### Aim of the task:
Once you find the line with "2 кв.м), Орех", transcribe it and all the lines that follow to the end of the data, exactly as written; skip any pictures.

◇ ◇ ◇ ◇ ◇ ◇ ◇

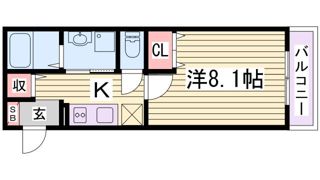 グローリア若葉台の間取り画像
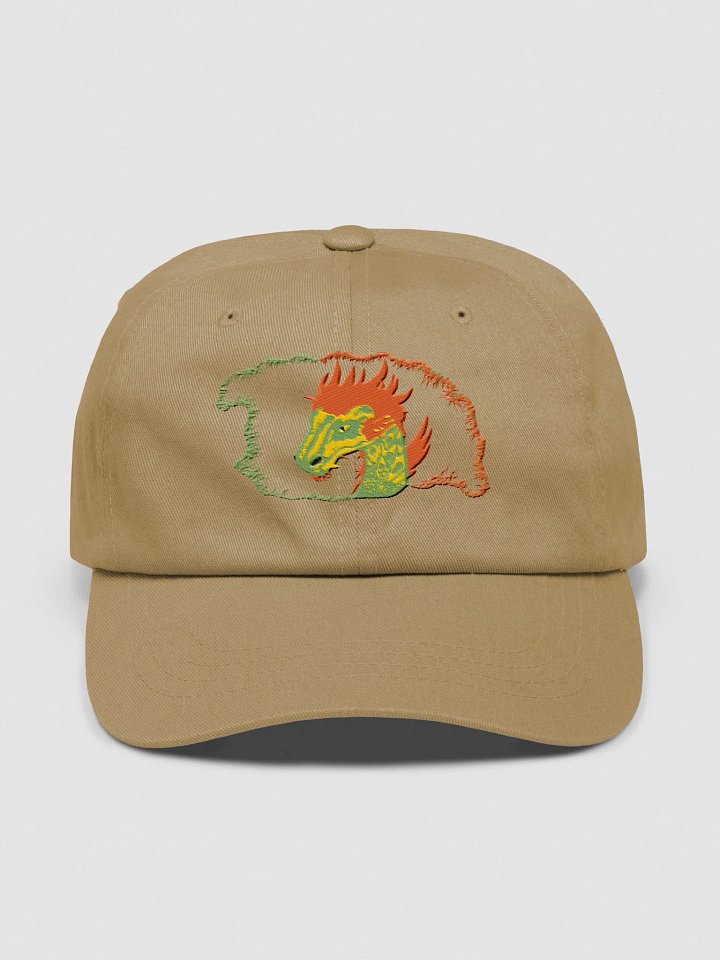 Ethereal Dragon Embroidered Dad Hat product image (1)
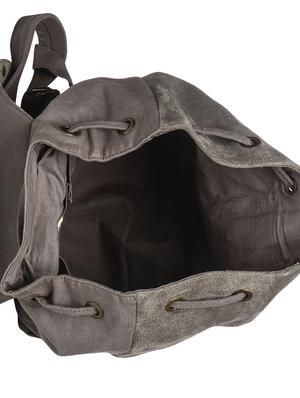 jungli murgi grey suede regular tote - 14064686 - Standard Image - 3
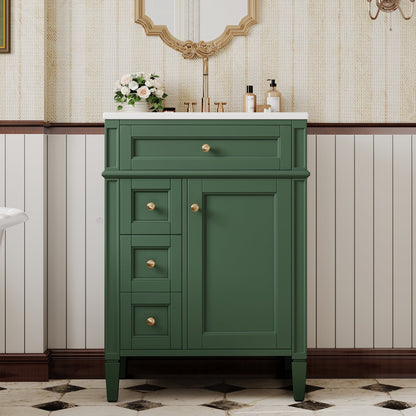 24'' Bathroom Vanity with Top Sink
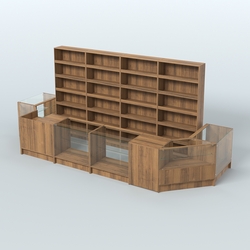 Торговый Островок "Эконом" №11 (8, 2 кв.м), Орех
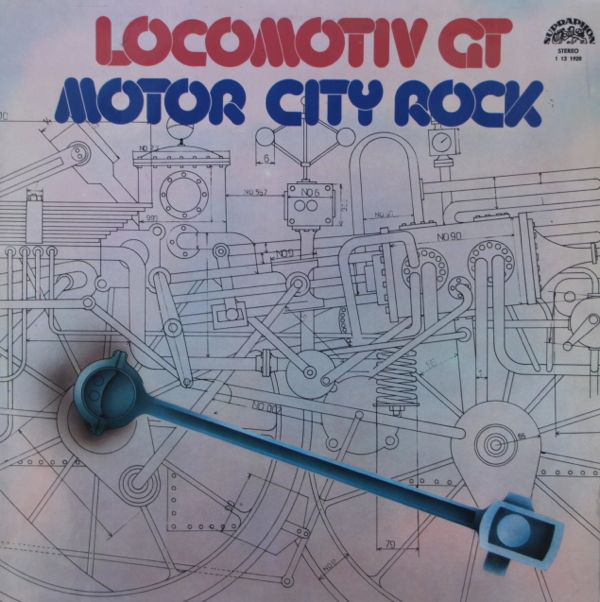 Обложка Locomotiv GT — Motor City Rock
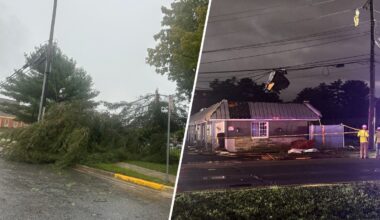 Cleanup continues after tornado, strong storms hit Philly region – NBC10 Philadelphia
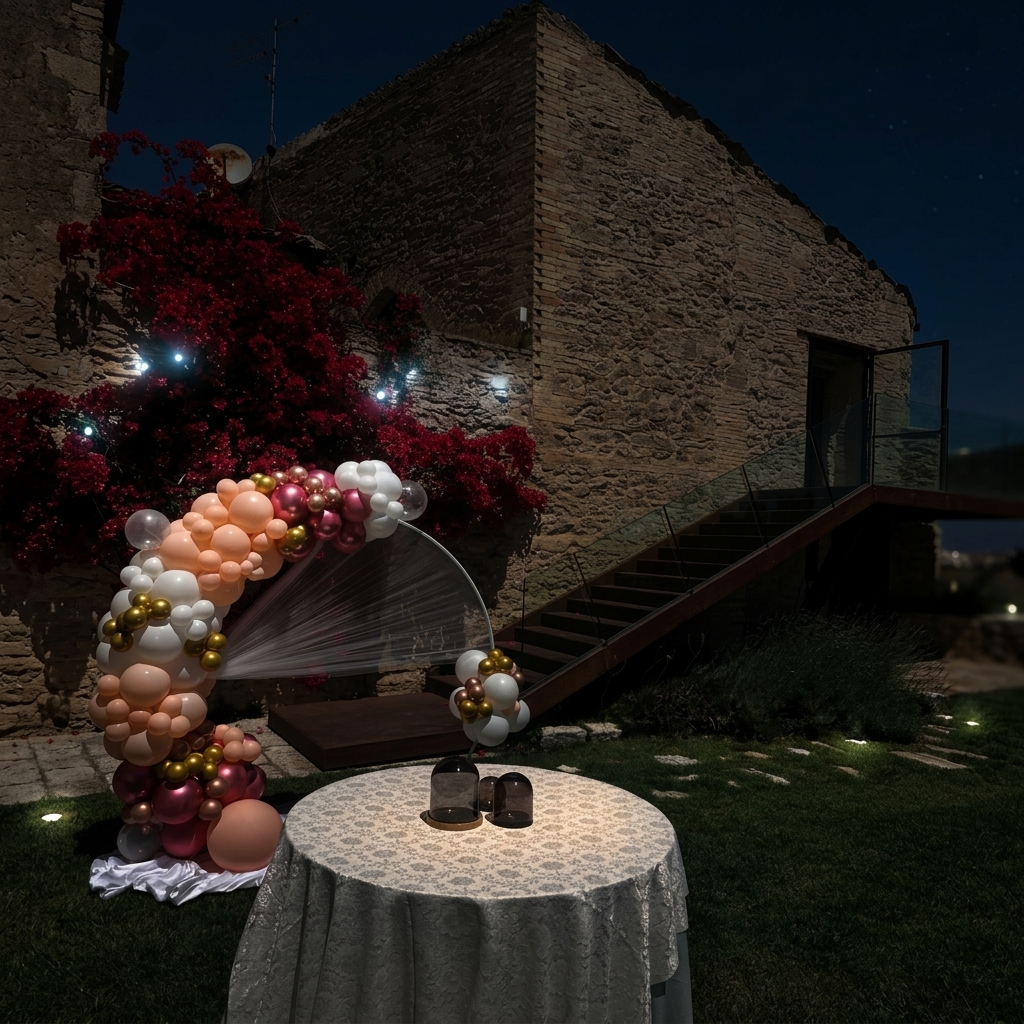 Allestimento Esterno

◇ ◇ ◇ ◇ ◇ ◇ ◇

### Written answer:
 Торговый Островок "Эконом" №11 (8, 2 кв.м), Орех
 Обложка Locomotiv GT — Motor City Rock
 Cleanup continues after tornado, strong storms hit Philly region – NBC10 Philadelphia
 Allestimento Esterno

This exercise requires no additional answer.